New Century’s current music director, Daniel Hope, speaks of his predecessor as a “legend,” with admiration and affection.

Parker Monroe, who took on the role of NCCO’s Executive Director in 1996, recalls working with Canin during the ensemble’s early years:

“We planned subscription seasons together and did several tours in the United States. We travelled to New York together for the Grammy Awards ceremony when the New Century recording of Shostakovich’s music, titled Written With the Heart’s Blood, was a Grammy Award finalist.

“Of all the music directors I ever worked with and for, he was my favorite. He was authoritative, focused, and occasionally stern and dismissive of my sometimes bad ideas. But he also had a fabulous and ever-present sense of humor, finely honed from all those years as a kid on the radio in New York. 

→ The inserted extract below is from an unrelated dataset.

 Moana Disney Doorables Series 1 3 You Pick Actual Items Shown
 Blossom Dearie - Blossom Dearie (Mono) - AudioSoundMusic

“I remember once nervously introducing him at an after-concert function at the Osher Marin JCC, saying he played a Stradivarius from 1699, to which he immediately rejoined, ‘Marked down from $17.99!’ The audience loved it because it was funny all by itself and also played so effectively off the nervous young executive director’s earnestness.”

When Canin left New Century, board president Paula Gambs said that “Stuart's contribution to NCCO cannot be exaggerated. He will be leaving us with such a strong legacy that it will allow us to move forward into the next century with confidence and zeal.”